The collapse of the treaty is yet another example of corporate interest buying its way into government, and holding a serious influence over the interest of its profits, not the citizens of those governments.

According to the Center for International Law, fossil fuel and chemical lobbyists outnumbered the combined diplomatic delegations of all 27 European Union nations and the EU combined (coming in at a whopping 233). Other sources are quoting it as high as 307. Even further, 19 of those lobbyists have secured places in the national delegations of Egypt (6), Kazakhstan (4), China (3), Iran (3), Chile (2), and the Dominican Republic (1).

Heavyweight corporations are found in all hats at these talks. Since the Paris session in 2023, Coca-Cola hasn’t missed a single round of negotiations. Lego, Nestlé, Unilever and PepsiCo were reported to be right alongside them.

Oil and gas companies see plastic as their lifeline, a way to secure demand for fossil fuels even as the world tries to decarbonize. Every water bottle, takeout container, and shipping wrapper is part of that strategy.

And because plastic is so deeply embedded in our global supply chains (agriculture, fashion, electronics, you name it) society remains in an embarrassingly tight chokehold. And while waste management and regulations are certainly a good place to start, our ultimate goal should really be loosening the grip of industries that have no incentive to scale back.

For decades, we’ve been told a complete lie: “the solution is simple: recycle! Sort your bottles, rinse your tubs, pat yourself on the back for "recycling." But in reality, less than 10% of plastic has ever been recycled. The rest has gone straight to landfills, incinerators, or (see above) places like the Great Pacific Garbage Patch.

The very concept of plastic recycling was promoted by the oil and gas industry as a PR move to shift responsibility onto consumers while they kept pumping out more plastic. It wasn’t about solving the problem, it was about buying time (that as we all know, is running out).

Breaking Free from our Grip ⛓️ 

Plastic feels inescapable, but it’s not inevitable. If enough of us demand change, at the ballot box, via civic action, at the checkout counter, and in everyday conversations, the world doesn’t have to stay this shrink-wrapped in plastic.

  • Demand legislative action.

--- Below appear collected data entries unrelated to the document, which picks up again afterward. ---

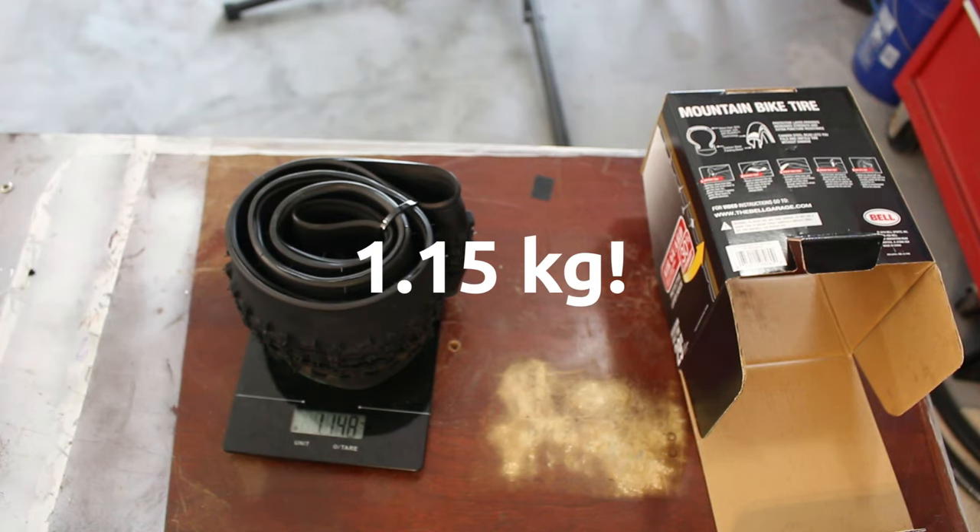It looks like we have 1.148 grams without the box. Let's see if we can get this on the wheel. It seems so big — it seems too big, just kind of my first impression. This thing seems really, I don't see how in the world this is going to go on.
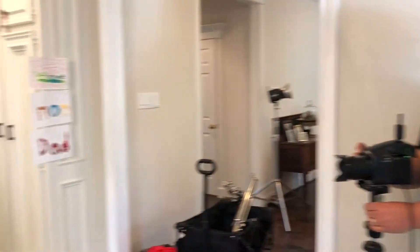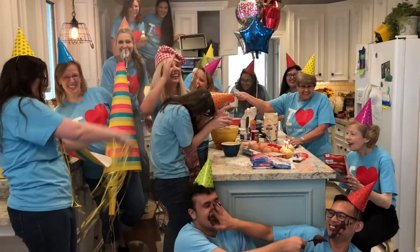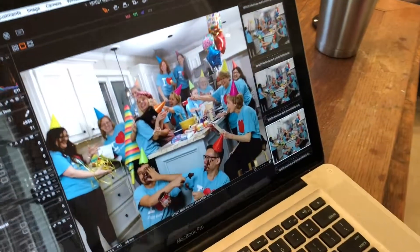One, two, three. Good. And Christmas, done. That's it. Thank you guys very much. Excellent work.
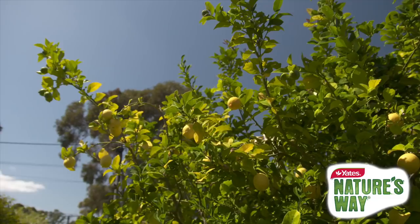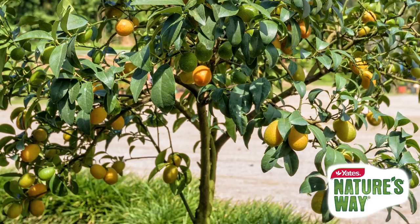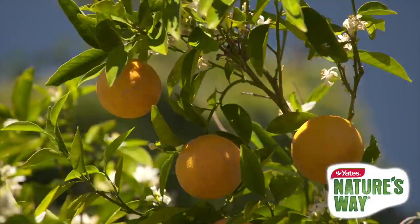Citrus are one of the most common fruit trees in Aussie backyards and with a little care they can reward you and your family with lots of fresh and delicious lemons, limes and oranges. Citrus can be planted directly into the garden or if you're short on space, dwarf varieties grow just as well in pots, so you can enjoy citrus in any size backyard or even on balconies.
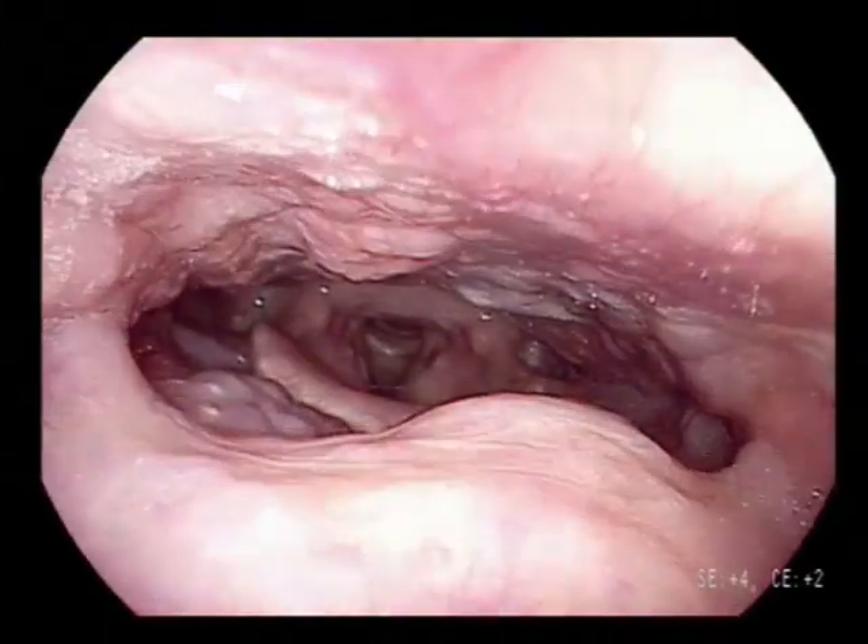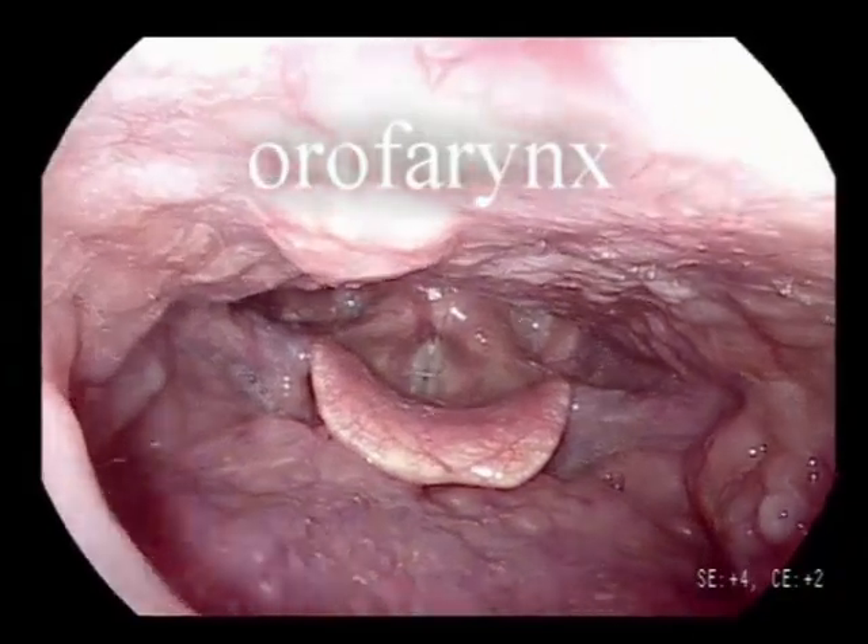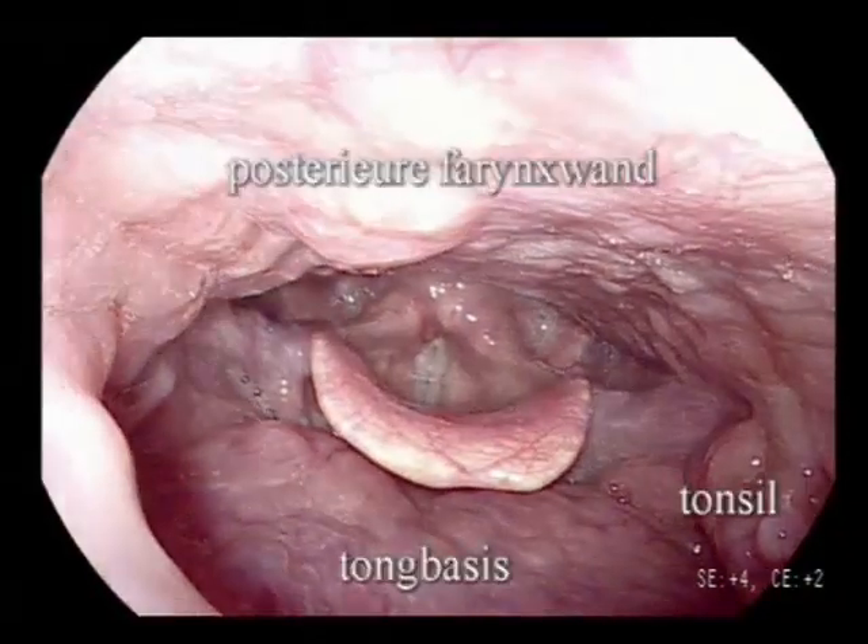The larynx is examined in four stages: namely the palatum, base of the tongue, glottis, and pyriform sinus. Pharyngeal musculature can be tested by letting the patient make an increasing tone.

Advocate for bills that stop plastic proliferation such as extended producer responsibility bills, microplastic and PFAS regulation, and stricter materials standards across our economy.

  • Spread the word. The most powerful thing you can do is puncture the recycling myth in your circles.

  • Ditch disposables where you can. Reusables aren’t the whole answer, but swapping out water bottles, coffee cups, and shopping bags still sends a signal.

  • Back community solutions. From local refill stations to plastic-free grocery co-ops, grassroots efforts need momentum and visibility.

The Shift to Bioplastics 🧪 

Most of us already know plastic is an environmental catastrophe, but society’s demand for it is only getting higher. To help fill that demand with solutions that are biodegradable and aren’t so carbon intensive, there are tons of great developments happening in the bioplastic alternatives.

Just last week, Trellis published a piece on big retailers like Target and Adidas exploring bioplastics for their shoe production. Here at Pique, we’ve covered solutions from using microorganisms to create biodegradable alternatives, creating plastic alternatives from food waste and beyond.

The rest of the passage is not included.